CLAREMORE — Few people could tell you his real name, but anyone who’s lived in Claremore for more than a few years would know exactly who you meant if you told them you’d talked to “Junior.”

He was Jules DeGruy Jr.,  known as as “Mr. Information” and  longtime Claremore goodwill ambassador.
If you ever met the chatty little man with the funny walk, you’d never forget him.
The man known by most as “Junior” passed away on Tuesday at age 86, leaving behind no relatives, but rather, a community full of people he considered friends.
“Junior came to Claremore about 45 years ago, I think, and the whole town kind of adopted him — or maybe it was him that adopted the whole town,” said Claremore Mayor Mickey Perry.  “He was the friendliest person you’d meet and you’d never meet anyone who didn’t like him.
“Whenever I’d see him, he would tell me he was praying for us. He was praying for Claremore,” Perry said. 
“If you think about it, indirectly, he was almost an inspiration to people around him. He walked every day as long as his health allowed him, meeting people, picking up people’s spirits, not letting his physical restrictions stop him. Everyone would get a smile on their face if they saw Junior coming.”
Born in Mississippi, DeGruy’s family moved often when he was young. 
He lived in Alabama, Mississippi  and Louisiana before he settled in Oklahoma City in 1935, where he was a longtime patient/resident at the Hospital for Crippled Children.
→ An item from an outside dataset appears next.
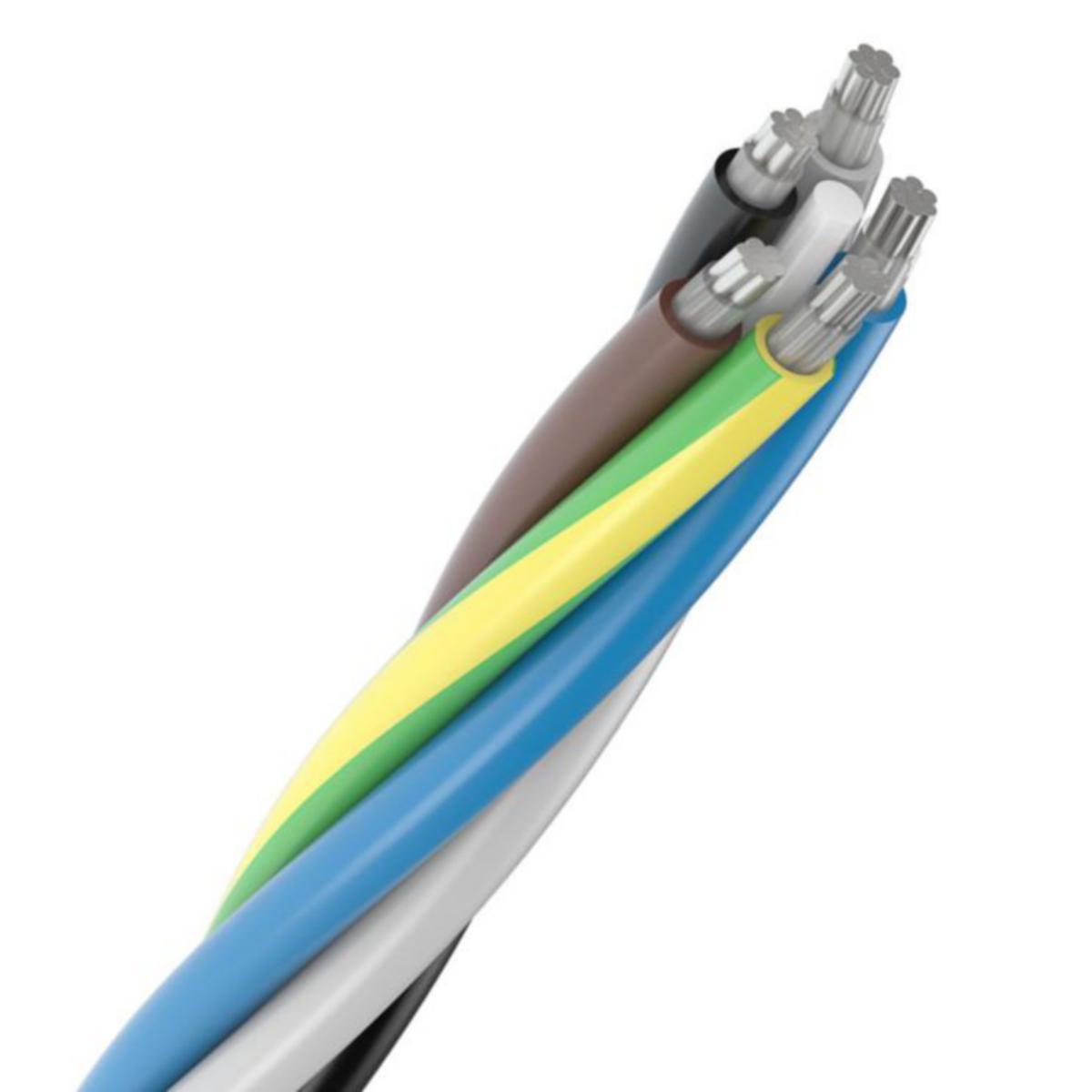 TXXI Nexans RL Kraftkabel for veilys - 1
While in Oklahoma City, DeGruy had surgery to alleviate his crippled hand and leg and as he grew, he went from being the March of Dimes Poster Boy for the Oklahoma City Chamber of Commerce to being an active member of the Jr. Chamber of Commerce and was later named “Honorary Mayor of the City.”
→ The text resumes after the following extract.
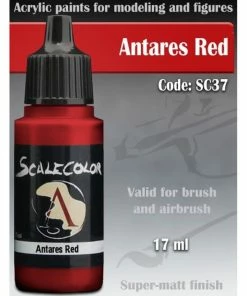 Ozzie Collectables Scale 75 Scalecolor Antares Red 17ml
By 1946, DeGruy graduated from Central High School and began a series of jobs which included helping his aunts and uncles in the restaurant business, to manning the elevators and handling clerk duties in the library at the state capitol. 
During his time at the capital, DeGruy met and crossed paths with at host of celebrities, among them, then-Sen.  John F. Kennedy, Billy Graham and several state governors, including Henry Bellmon who greeted DeGruy by name at the dedication of the J.M. Davis Gun Museum. 
By 1977, all DeGruy’s relatives had passed away and he moved from Oklahoma City to Claremore to “leave the sadness behind” and make a new start for himself.
Upon arrival into Claremore, DeGruy went to work at the old Will Rogers Hotel, where he ran the elevator and helped to set up and clean up for banquets.
He also found several odd jobs about town — clearing parking lots, cleaning up and keeping an eye on area businesses.
He later lived at and helped at Mrs. Carey’s hotel, the second floor room which had just reopened at the Ward Rooms Emporium (at 302 1/2 Will Rogers). 
Although he still walked with a limp and his gait slowed down in his later years, DuGruy, aka “Junior” remained a constant in downtown Claremore, making his rounds, walking to the post office, touring the downtown area, stopping in at city hall and local businesses, meeting friends old and new, always with his trademark upbeat demeanor. 
Although one wouldn’t know it by his appearances, DeGruy did in fact have a U.S. Marine Corps certificate of appreciation, a personal letter from The White House, as well as one from the U.S. Navy Commander L.V. Carnevale (whom DeGruy met), a Rogers County Sheriff’s Department special deputy ID, and more. 
In recent years, DeGruy’s health declined, forcing him to limit and eventually stop the daily walks he loved.
DeGruy passed away Tuesday, Dec. 18, 2012. 
Services will be 11 a.m. Friday in the chapel at Musgrove-Merriott-Smith Funeral Service & Crematory in Claremore. Visitation is 8-11 a.m. Friday. He will be laid to rest in Oowala Cemetery.